吴家媛，贾 谦，何文喜，李玉成，况 蓉，倪龙兴，牛忠英

(1.第四军医大学口腔医学院，陕西西安710032;2.遵义医学院附属口腔医院，贵州遵义563003;3.北京解放军第306医院，北京100101)

根尖牙乳头干细胞(stem cells from the apical papilla，SCAP)是存在于年轻恒牙根端组织中的具有比牙髓干细胞(dental pulp stem cell，DPSC)更强的群体倍增能力、端粒酶活性、迁移率及成牙本质能力的一类间充质干细胞［1－2］。碱性成纤维细胞生长因子(bFGF)对间充质干细胞(MSCs)具有诱导细胞趋化、促有丝分裂等作用，在MSCs早期分化和发育进程中发挥着重要的作用［3］。本课题组前期实验结果显示，bFGF在一定的浓度范围内能抑制SCAP的成骨分化，增加细胞的STRO－1、Nanog、Sox2、Oct4 Rex1的表达，从而推测bFGF可维持SCAP的干性(Stemness)［4］。多向分化能力是干细胞生物特性之一，其能力的强弱在某种程度上提示干细胞多分化潜能的强弱。bFGF是否在成脂分化中也发挥着同样的作用，尚未见文献报道。而且关于bFGF对MSCs成脂分化的作用，相关研究结果也并不一致［5－7］。
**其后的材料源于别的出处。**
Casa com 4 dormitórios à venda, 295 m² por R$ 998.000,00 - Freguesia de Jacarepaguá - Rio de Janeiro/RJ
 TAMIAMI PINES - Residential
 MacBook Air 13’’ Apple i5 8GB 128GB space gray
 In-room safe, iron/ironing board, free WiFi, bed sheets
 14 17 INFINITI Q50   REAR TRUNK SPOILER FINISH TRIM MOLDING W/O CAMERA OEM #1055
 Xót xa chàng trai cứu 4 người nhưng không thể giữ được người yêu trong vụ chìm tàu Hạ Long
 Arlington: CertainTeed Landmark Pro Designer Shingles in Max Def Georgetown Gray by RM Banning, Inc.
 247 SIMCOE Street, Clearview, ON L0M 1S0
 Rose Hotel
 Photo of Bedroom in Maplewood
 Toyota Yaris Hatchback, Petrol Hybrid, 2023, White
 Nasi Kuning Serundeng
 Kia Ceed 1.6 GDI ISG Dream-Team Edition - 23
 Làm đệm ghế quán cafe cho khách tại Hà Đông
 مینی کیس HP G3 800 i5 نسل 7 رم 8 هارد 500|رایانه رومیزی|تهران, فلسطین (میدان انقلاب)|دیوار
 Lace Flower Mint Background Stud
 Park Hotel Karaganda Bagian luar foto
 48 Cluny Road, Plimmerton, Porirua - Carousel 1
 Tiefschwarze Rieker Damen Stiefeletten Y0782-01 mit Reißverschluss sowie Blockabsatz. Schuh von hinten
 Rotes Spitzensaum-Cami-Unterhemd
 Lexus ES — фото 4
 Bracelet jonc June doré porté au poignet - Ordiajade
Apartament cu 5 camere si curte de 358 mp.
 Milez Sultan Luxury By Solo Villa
故本研究以体外培养的SCAP为对象，初步探讨bFGF对SCAP成脂分化能力的影响，以期明确bFGF是否也能在成脂分化方向上维持SCAP的干性(Stemness)。

1 材料和方法

1.1 主要材料和仪器

高糖DMEM培养基 (Gibco，美国);胎牛血清(Hyclone，美国);谷氨酰胺、胰岛素、维生素C、DMSO 油红 O、BrdU(sigma，美国);IBMX、MTT(A-lexis，美国);吲哚美辛(武汉远成药业);相差显微镜(Leica DM 6000B)，Mastercycler PCR 仪(Eppendorf，德国);Ps250电泳仪(Savant，美国);BIO－RAD Gel－Doc 2000凝胶成像系统;分光光度计(eppendorf，德国)。

1.2 方法

1.2.1 根尖牙乳头干细胞(SCAP)的分离、培养及鉴定

收集16～22岁志愿者因正畸需要新鲜拔除的未发育完全的健康第三磨牙，立即用含双抗(100 U/mL青霉素，100 μg/mL链霉素)的 PBS液反复清洗，分离根尖牙乳头并剪碎后加入3 mg/mL的Ⅰ型胶原和4 mg/mL Dispase酶，37℃下轻轻震荡消化1 h，PBS液洗两遍后接种于6孔培养板，加入含 150 mL/L FBS的 α－MEM 培养基 (含100 U/mL青霉素，100 μg/mL链霉素)，置 50 mL/L二氧化碳孵箱中37℃培养，2～3 d换液1次。待细胞生长汇合至80%时，2.5 g/L胰蛋白酶消化收集细胞，参照文献［4］进行初步鉴定，并以有限稀释法筛选克隆化生长的细胞，按1∶3比例进行传代培养。

1.2.2 bFGF对SCAP成脂分化能力的影响

取生长状态良好的第3代SCAP以2×104细胞密度接种于60 mm培养皿中，加入含150 mL/L FBS的α－MEM培养基进行培养。待细胞达到80%融合时，弃原液并随机分为2组，实验组加入2 mL含bFGF终末浓度为5 ng/mL的成脂诱导液(含100 mL/L FBS、0.5 mmol/L 异丁基甲基黄嘌吟、0.5 mol/L氢化可的松、60 mol/L吲哚美辛的α－MEM);对照组加入相同体积不含bFGF的成脂诱导液继续培养，3 d换液。诱导培养3周后在倒置显微镜下观察细胞形态的变化以及脂肪滴形成情况;油红O染色，相差显微镜下观察并拍照。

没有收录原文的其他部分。